:: Provided material ::

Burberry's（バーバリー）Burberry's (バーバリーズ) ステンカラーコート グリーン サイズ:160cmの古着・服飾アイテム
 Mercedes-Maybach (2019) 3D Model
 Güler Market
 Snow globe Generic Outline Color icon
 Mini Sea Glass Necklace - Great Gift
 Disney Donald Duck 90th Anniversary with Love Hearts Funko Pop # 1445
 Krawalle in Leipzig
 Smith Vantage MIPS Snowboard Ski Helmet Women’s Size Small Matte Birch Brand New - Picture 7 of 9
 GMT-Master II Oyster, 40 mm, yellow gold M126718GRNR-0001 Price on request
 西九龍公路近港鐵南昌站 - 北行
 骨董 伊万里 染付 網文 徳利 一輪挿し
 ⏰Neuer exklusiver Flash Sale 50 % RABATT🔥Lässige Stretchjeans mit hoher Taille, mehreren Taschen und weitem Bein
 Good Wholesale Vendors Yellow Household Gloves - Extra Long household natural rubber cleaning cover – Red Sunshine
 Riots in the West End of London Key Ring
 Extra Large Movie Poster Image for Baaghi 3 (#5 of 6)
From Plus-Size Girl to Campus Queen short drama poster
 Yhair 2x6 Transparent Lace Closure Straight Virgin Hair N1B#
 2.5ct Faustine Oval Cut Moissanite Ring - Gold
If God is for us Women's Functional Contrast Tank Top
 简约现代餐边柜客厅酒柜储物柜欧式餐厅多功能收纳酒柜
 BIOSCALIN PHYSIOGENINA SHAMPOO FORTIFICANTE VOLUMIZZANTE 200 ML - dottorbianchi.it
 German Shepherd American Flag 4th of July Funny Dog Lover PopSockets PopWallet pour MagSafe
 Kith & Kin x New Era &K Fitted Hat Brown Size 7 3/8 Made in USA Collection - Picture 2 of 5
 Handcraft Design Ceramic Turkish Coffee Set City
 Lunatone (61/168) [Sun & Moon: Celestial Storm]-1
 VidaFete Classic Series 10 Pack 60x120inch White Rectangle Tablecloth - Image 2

:::

# Problem to solve:
Write out every line of the listing that holds the word "Ring".

# Response to the exercise:
 Riots in the West End of London Key Ring
 2.5ct Faustine Oval Cut Moissanite Ring - Gold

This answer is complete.